HLAA Executive Director Barbara Kelley and Director of Public Policy Lise Hamlin attended the final Federal Communications Commission (FCC) Open Commission Meeting of 2016 on December 15. Several HLAA chapter members were in attendance as well, including Veronica Davila Steele, who heads up the new Prince George’s County (Maryland) Chapter; Russell Misheloff, leader of the Washington, DC Chapter; and Barry Kasinitz from the Montgomery County (Maryland) Chapter.
The room was packed full of consumers with hearing loss and representatives from Gallaudet University, the National Association of the Deaf (NAD), Telecommunications for the Deaf and Hard of Hearing (TDI), Communication Service for the Deaf, the Northern Virginia Resource Center for Deaf and Hard of Hearing Persons, and the Trace Center at the University of Maryland. We were all there to witness the Commission’s actions on the Report and Order and Further Notice of Proposed Rulemaking regarding the transition from text telephony (TTY) to real-time text (RTT) technology. The Commission did not disappoint; they unanimously adopted the item, which will serve as a path forward for industry to make RTT with cell phones a reality.
RTT is text that is transmitted instantly with recipients being able to see it on a phone as it is typed, enabling dialogue similar to voice conversations. It also provides the ability to have text flow while the user speaks. This gives immediate telecom accessibility benefits to people who are deaf, hard of hearing, or have a speech disability.
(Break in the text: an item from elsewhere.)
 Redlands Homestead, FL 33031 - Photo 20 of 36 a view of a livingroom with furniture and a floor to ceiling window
It also offers benefits to mainstream telecommunications in situations where people are temporarily unable to hear well (such as noisy environments) or use their voice, or cannot engage in an audio conversation due to safety or privacy reasons. These benefits enable communication exchanges that are more fluid and conversational than turn-based texting.
In the Report and Order, the FCC:
- Permits wireless service providers and handset manufacturers to support RTT in lieu of TTY technology
- Ensures RTT users will be able to call 911 for emergency services and 711 for relay services
- Defines RTT to be interoperable across networks and devices and backward compatible with TTYs
- Establishes a phased rollout of RTT for wireless networks from December 31, 2017 to June 2021.
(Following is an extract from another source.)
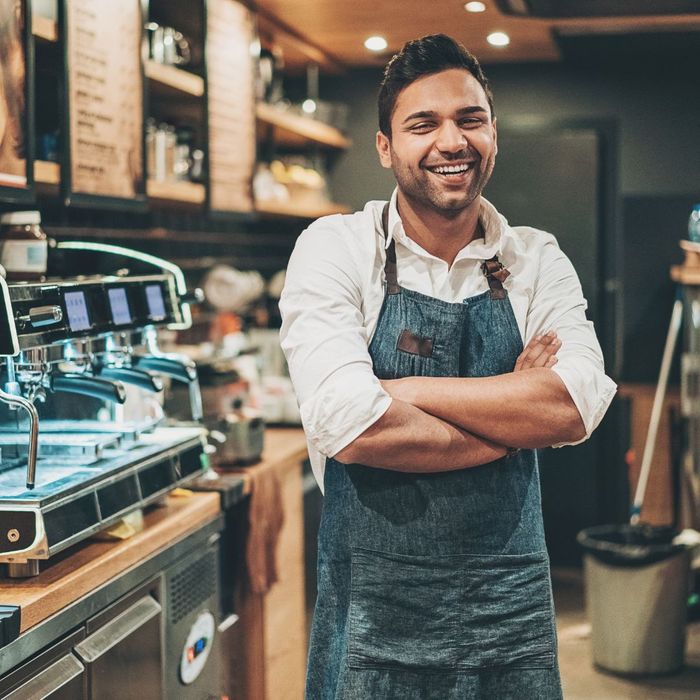A cafe owner laughing with his arms crossed behind the counter of his business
In the accompanying Further Notice of Proposed Rule Making (FNPRM), the FCC seeks comment on:
- A timeline to sunset its requirement for RTT to be backward compatible with TTY
- Integration of RTT into telecommunications relay service operations
- Real-time text features that may be needed for people with cognitive disabilities and people who are deaf-blind.
The FCC will announce the public comment due dates for the FNPRM when they become available.
RTT is optional in lieu of TTY, but we are expecting the carriers and manufacturers to comply according to following timeline:
- December 31, 2017: “Big Four” carriers (AT&T, Verizon Wireless, Sprint and T-Mobile) make RTT available in either downloadable app or in at least one phone model
- December 31, 2018: Phone manufacturers put RTT in all new phones
- December 31, 2019: Big Four carriers make RTT available in all new phones models
- June 30, 2020: Smaller carriers make RTT available in either downloadable app or at least one phone model
- June 30, 2021: Smaller carriers make RTT available in all new phones.
It should be noted that this item would not have moved ahead without strong support from consumer groups and endless hours devoted to it by Gallaudet’s Dr. Christian Vogler, the Trace Center’s Greg Vanderheiden, and TDI’s counsel, Drew Simshaw. We also recognize that there were many others who worked behind the scenes for more than a decade to see RTT move from a concept to a reality. The other half of the equation was the willingness of AT&T and others in the telecommunications industry to chart a path forward toward new accessible technologies and away from antiquated TTY technology.
FCC Commissioner Mignon Clyburn said in remarks aimed at the telecommunication industry, “Continue to work with consumer groups to ensure that the needs of the communities they represent are met by implementing features and capabilities that support successful deployment and broad adoption of real-time text. This is your chance to show us that you, that the market, can successfully address these issues without a mandate from us to do so.”
Thanks are also owed to the FCC Commissioners who unanimously voted to adopt this Report an Order and FNPRM and to the Commission’s staff who worked endless hours writing and rewriting this item: Karen Peltz Strauss, Suzy Rosen Singleton, Bob Aldrich, Eliot Greenwald, Michael Scott, Henning Schulzrinne, Peter Trachtenberg, and David Furth.
You can find more information on the FCC website.
Chairman Tom Wheeler to Leave FCC
Also on December 15, Chairman Tom Wheeler announced his intention to leave the FCC on January 20, 2017. Chairman Wheeler has been an unflinching champion of disability access since he took the helm at the FCC more than three years ago. The website Law 360 reports, “While his controversial positions often found him at odds with other policymakers and industry groups, experts agreed that his time at the helm will be remembered for its effectiveness.”
We salute Chairman Wheeler and his achievements, and wish him well in his future endeavors.